ASU homecoming set to ‘Rock the World’
Any person spending an extended amount of time in a particular place will have a personal connection with it for the remainder of their life; that certainly proves true for the thousands of alumni of Appalachian State University.
Many of those who spent their formative years on the campus of ASU will return to a place they consider home for this weekend’s ASU Homecoming. The series of events, anchored around the ASU football game against Samford University on Oct. 22, will allow alumni to reconnect with their colleagues and school through activities that include the “Under the Boardwalk Boogie” homecoming dance and the Appalachian Alumni and Friends Breakfast.
Brad Vest, associate director for student programs and a ’95 alumnus, has been involved with homecoming since he started working for the university in 1997. He believes that the success of the athletic department has brought many people back up the mountain, but he also credits the atmosphere of family as being the reason former students come back to ASU every year for homecoming.
“My favorite part of homecoming is seeing everyone come out and have a great time – seeing that we’re all one big Appalachian family,” Vest said.
Hank Foreman, vice chancellor for university communication and cultural affairs and ’95 alumnus, said the phrase “Appalachian family” is one he hears a lot, especially during homecoming.
“Students that come here feel at home here, as well as donors and people that have been involved with the university,” he said. “There’s a feel of ownership. Homecoming is a great time to be back at a place that meant so much to you.”
Patrick Setzer, executive director of alumni affairs and annual giving and a ’90 and ’98 alumnus, called homecoming “the marquee event” for Appalachian alumni. He said events like tailgating, the football game and pep rally have become go-to annual events for many.
“As alumni, we look forward to this event every year,” he said. “It’s a real special time for alumni and friends to get together and celebrate Appalachian. I think a lot of alumni, too, have formed traditions about getting groups together and renting cabins, starting a tailgate – doing things like that. They get together and see what they’re doing now, reminisce and talk about what they hope for Appalachian in the future.”
Setzer said alumni returning to ASU for homecoming renew old friendships and forge relationships with new members of the Appalachian family. This year, they will even have an opportunity to have an effect on the future of upcoming ASU students.

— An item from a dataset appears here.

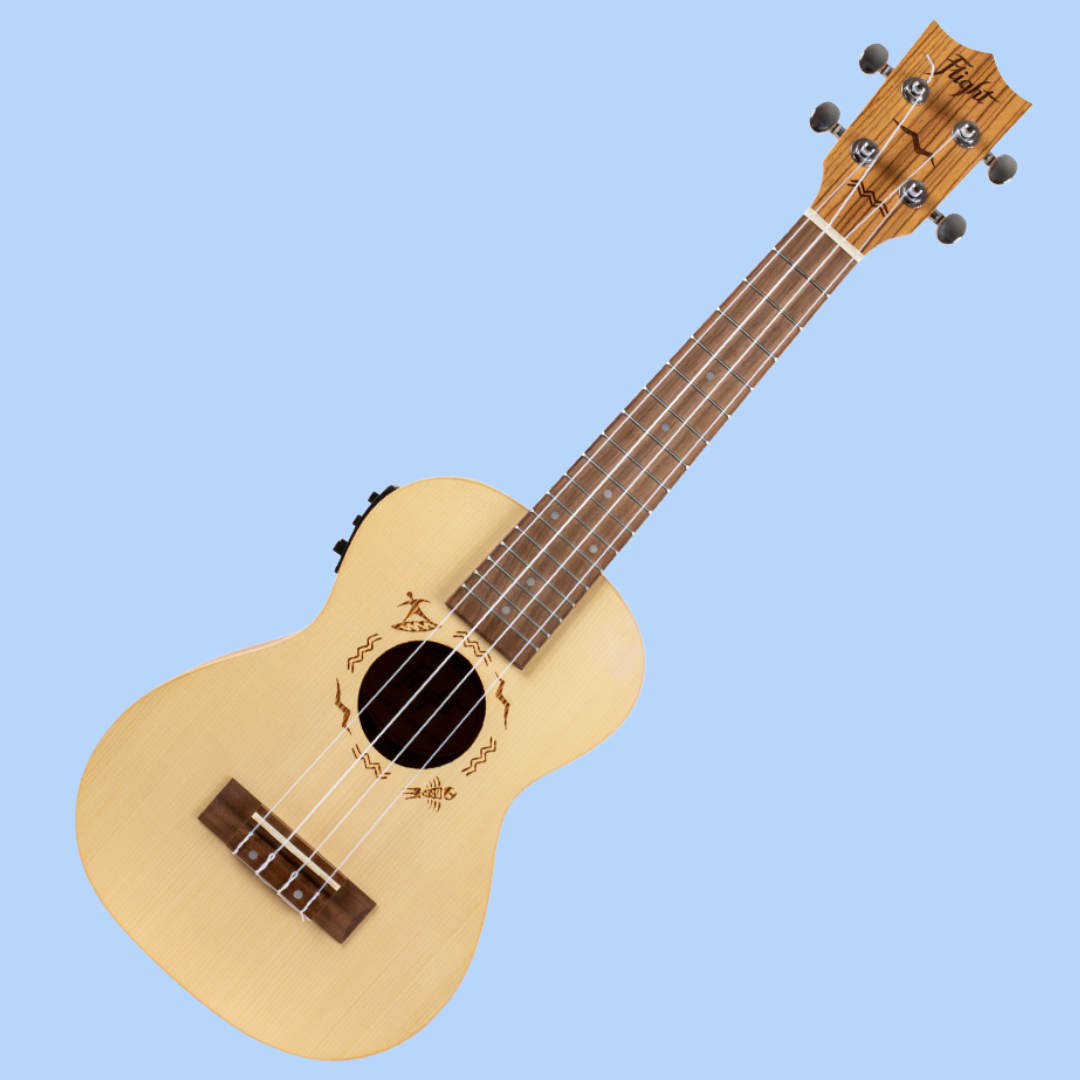 Flight DUC525CEQ Spruce Zebrawood Electro Acoustic Concert Ukulele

All the events of the 2011 Homecoming, from the parade to the “Don’t Stop Believin’” tailgate party, adhere to a particular focus: To “Rock the World” one Appalachian State student at a time. The theme for homecoming is meant to funnel Appalachian spirit into support for not only the football team, but ASU itself. This homecoming revolves around the Campaign for Appalachian, a comprehensive, multi-year fundraising effort that will be launched during the events leading up to the homecoming football game.
The Campaign for Appalachian facilitates the university’s goal to “make a difference in the world ... one student at a time.” For homecoming, that effort is translated into “rocking the world,” the Appalachian way.
Programs, services and scholarships that advance the education, skills and qualities of Appalachian students will be the recipients of funds generated by the campaign. The areas receiving emphasis will be scholarship, world focus, sustainability, entrepreneurship, and health and quality of life.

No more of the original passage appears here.